Makes 24 stuffed eggs
1 dozen large eggs
3 tablespoons low-fat sour cream
3 tablespoons reduced-calorie mayonnaise
1/2 teaspoon salt
1/2 teaspoon Dijon mustard, optional
1 to 2 tablespoons chipotle chile purée*
1 teaspoon minced garlic
2 tablespoons minced green onion
Topping
1/2 cup diced (1/4-inch) tomatoes
1 tablespoon minced white onion
2 tablespoons minced fresh cilantro
1 to 2 teaspoons chipotle chile purée*
Place eggs in a saucepan and cover with water to 1 inch above eggs. Bring to a boil over high heat, then continue boiling for 10 minutes. After eggs have boiled, remove from heat and run cool water over them. When eggs are cool, carefully peel under running water. Cut eggs in half lengthwise and remove yolks to a mixing bowl. Set egg white halves on a platter, cover, and refrigerate.
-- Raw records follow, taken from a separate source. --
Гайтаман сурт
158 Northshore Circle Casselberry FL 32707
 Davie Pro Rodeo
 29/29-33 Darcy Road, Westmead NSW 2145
Mash egg yolks to a smooth consistency with a fork or potato masher. Mix in sour cream, mayonnaise, salt, mustard, chipotle purée, and garlic until smooth. Stir in green onions. Spoon yolk mixture into a pastry bag, then squeeze the mixture evenly into egg halves.
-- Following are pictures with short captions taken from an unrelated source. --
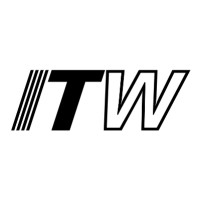 ITW Construction Products Italy logo - Similar company to Itw Construction Products (Uk & Nordics)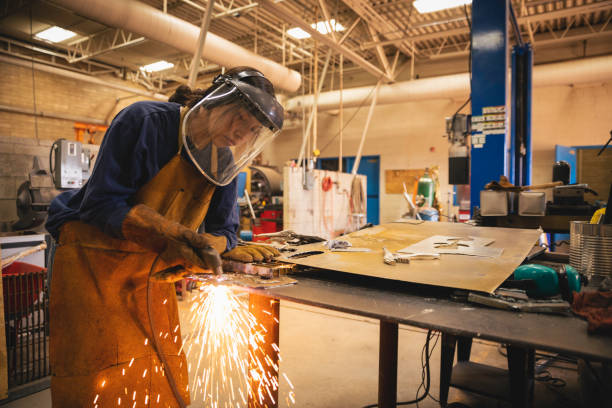Best Welding Inspection and Certification in Lake Carmel, NY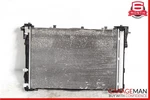 2015-2021 Mercedes-benz C300 W205 Radiator/engine Cooling 0995002003. Fixed Price $787.50.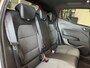 Renault Clio 1.0 TCe 90pk Automaat | Groot Navi | 360 | 17" | PDC V+A | Stoel & stuur verwarming | Keurig nette auto |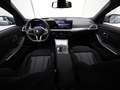 BMW 320 X-DRIVE - M SPORT - HIFI Noir - thumbnail 9
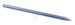 GH96-16016A EINGABESTIFT S PEN FÜR GALAXY TAB S9 SERIE,  SCHWARZ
Make the topping: in a small bowl, mix together tomatoes, onion, cilantro, and remaining chipotle purée. Top each egg half with 1 teaspoon of tomato mixture.
Serve chilled.
*To make chipotle purée: Place 1 can of chipotle peppers in adobo sauce in blender and purée until smooth. Freeze any remaining purée for another use.
Chef's Tips:
Get yourself a few of those great new "disposable" plastic piping bags and a nice big star tip. These bags make it so much easier to squeeze fillings than always having to wash out a canvas piping bag. If you are in a pinch for a piping bag, use a plastic sandwich bag with a small part of the corner cut off.